About a year ago, I watched a video on Youtube of Chinese tourists taking river tours throughout the northern parts of North Korea.  I'll search for it later, but I doubt I'll find it again.

In various parts of the North Korean & Chinese border, guided tours are available.  My understanding is they are mostly river tours, with the odd land stop to see landmarks, eat, and 'tourist trap' type of stuff.

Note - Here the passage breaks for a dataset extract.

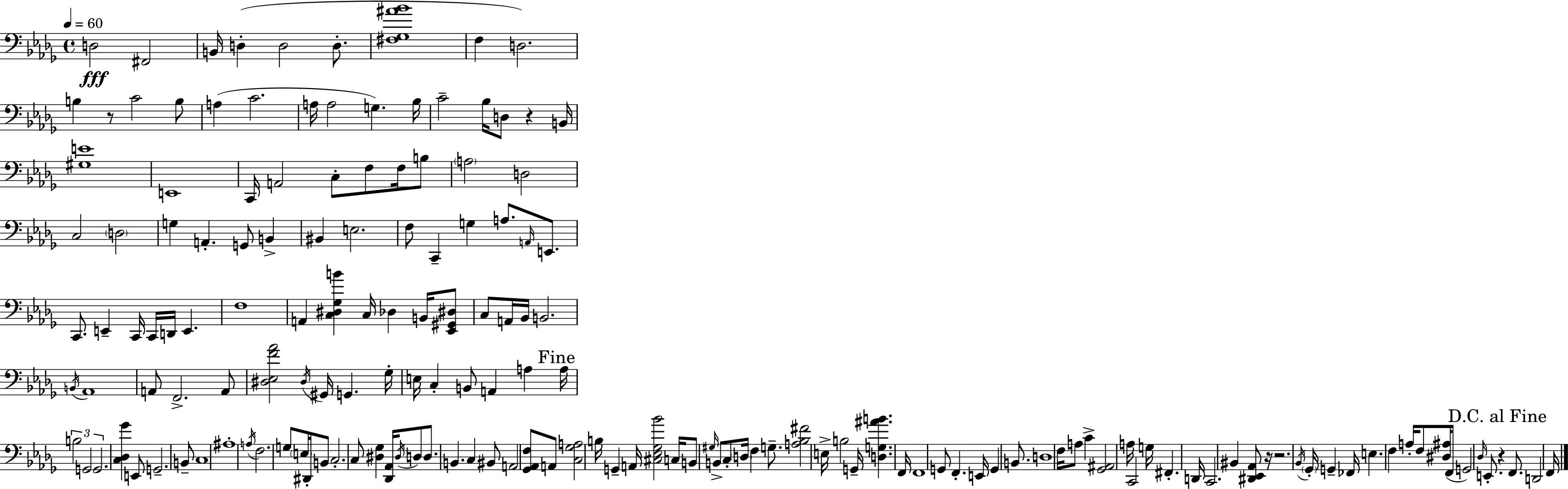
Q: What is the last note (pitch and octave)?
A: F2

Throughout the video you see quite a few members and what I would call 'sub units' of North Korean soldiers.  It's creepy.  They look like extremely malnourished ghosts of WW2 soldiers.  Extremely thin and obviously malnourished, with ill-fitting long jackets and in some cases what looked like bolt-action rifles.  :( :o


While the massive amounts of artillery pointed south over the border will absolutely devastate Seoul, and there will be unique challenges to deal with in regards to their rocket/nuclear forces, and potentially some submarine challenges (doubtful) -- just from looking at the soldiers themselves, I can't imagine they won't surrender en-masse within the first few days.

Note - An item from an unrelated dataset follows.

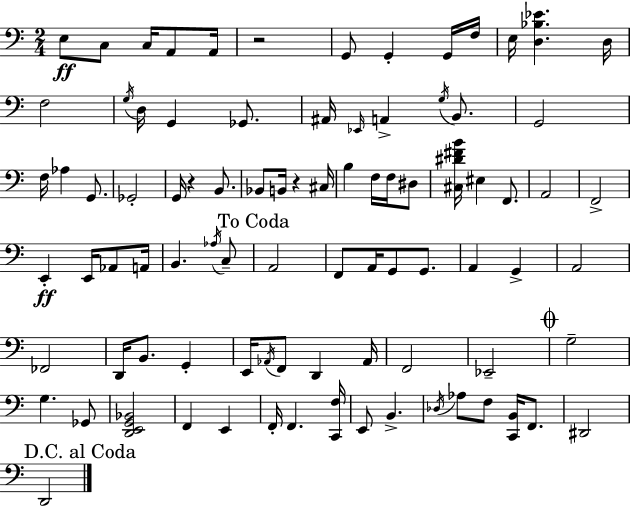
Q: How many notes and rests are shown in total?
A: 88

Once they see M1A3 tanks, Super Hornets, Strykers, and the high-tech modern American or South Korean soldier... it'll be like fighting robocop with a cap gun.


While most North Koreans are brought up being brainwashed about the virtues of their society and their leadership, I can't imagine the soldiers near the borders still drink the cool-aid. 

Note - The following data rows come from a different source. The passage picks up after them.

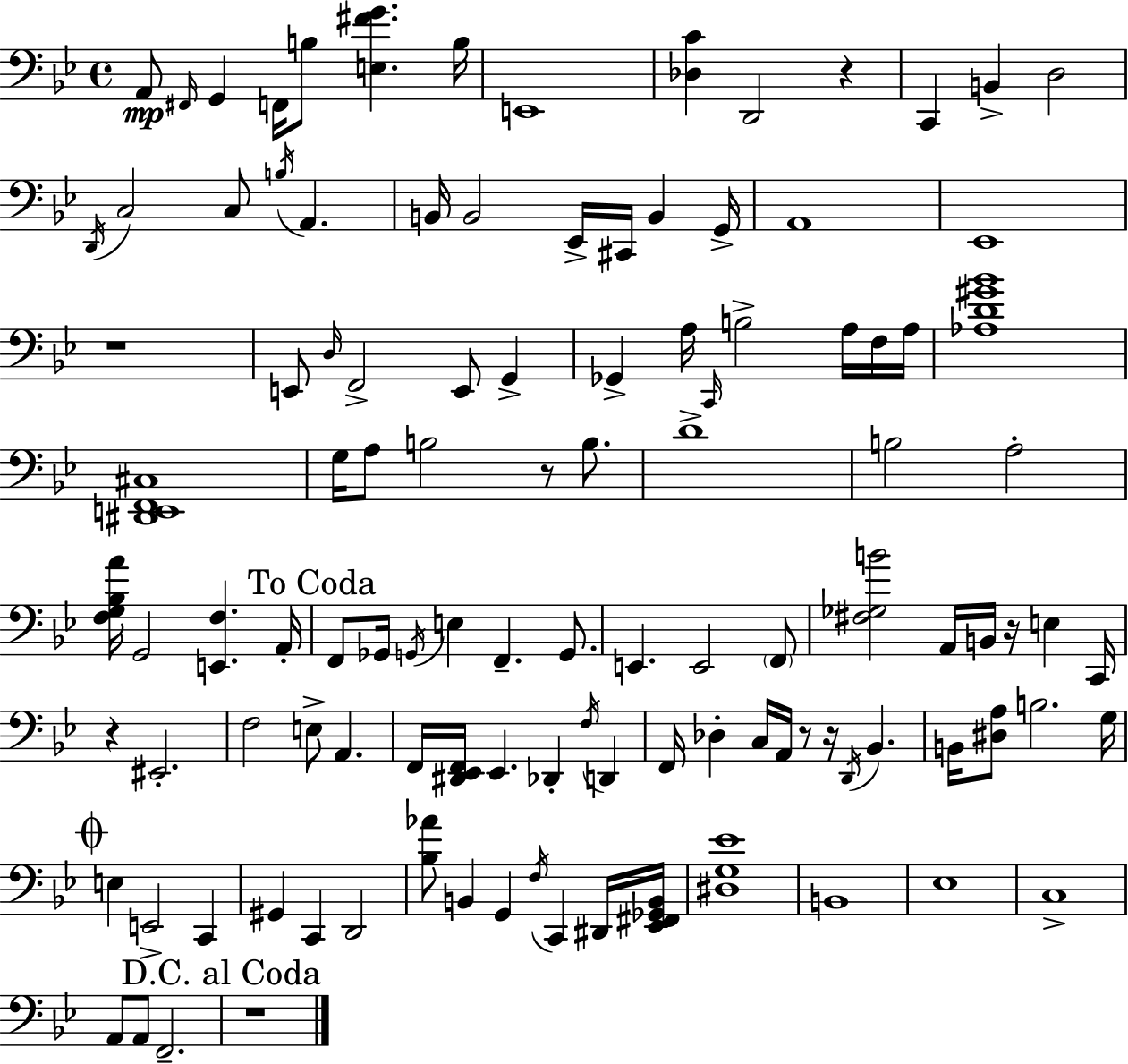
X:1
T:Untitled
M:4/4
L:1/4
K:Bb
A,,/2 ^F,,/4 G,, F,,/4 B,/2 [E,^FG] B,/4 E,,4 [_D,C] D,,2 z C,, B,, D,2 D,,/4 C,2 C,/2 B,/4 A,, B,,/4 B,,2 _E,,/4 ^C,,/4 B,, G,,/4 A,,4 _E,,4 z4 E,,/2 D,/4 F,,2 E,,/2 G,, _G,, A,/4 C,,/4 B,2 A,/4 F,/4 A,/4 [_A,D^G_B]4 [^D,,E,,F,,^C,]4 G,/4 A,/2 B,2 z/2 B,/2 D4 B,2 A,2 [F,G,_B,A]/4 G,,2 [E,,F,] A,,/4 F,,/2 _G,,/4 G,,/4 E, F,, G,,/2 E,, E,,2 F,,/2 [^F,_G,B]2 A,,/4 B,,/4 z/4 E, C,,/4 z ^E,,2 F,2 E,/2 A,, F,,/4 [^D,,_E,,F,,]/4 _E,, _D,, F,/4 D,, F,,/4 _D, C,/4 A,,/4 z/2 z/4 D,,/4 _B,, B,,/4 [^D,A,]/2 B,2 G,/4 E, E,,2 C,, ^G,, C,, D,,2 [_B,_A]/2 B,, G,, F,/4 C,, ^D,,/4 [_E,,^F,,_G,,B,,]/4 [^D,G,_E]4 B,,4 _E,4 C,4 A,,/2 A,,/2 F,,2 z4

I quite enjoyed this lovely young lady's video about growing up in North Korea.  Worth a watch  :2c:

https://www.youtube.com/watch?v=afqaRpYPkFw
 
Of possibly greater importance in the event of conflict north/south, how many battalions does China maintain on the border and what is their specialities?  Because those will be the folks that South Korea faces after the first few days.
 
YZT580 said:
Of possibly greater importance in the event of conflict north/south, how many battalions does China maintain on the border and what is their specialities?  Because those will be the folks that South Korea faces after the first few days.


Very good point indeed
 
YZT580 said:
Of possibly greater importance in the event of conflict north/south, how many battalions does China maintain on the border and what is their specialities?  Because those will be the folks that South Korea faces after the first few days.
But, economically, South Korea is far, far more important to China than is North Korea. Before Xi Jinping I believe that the prevailing view in Beijing was that North Korea could be, even should be sacrificed, as a pawn, to get the US ~ a rook, plus a bishop, at least ~ off the board, the board being the Korean peninsula.
 
How far are they away from internal collapse, one must wonder...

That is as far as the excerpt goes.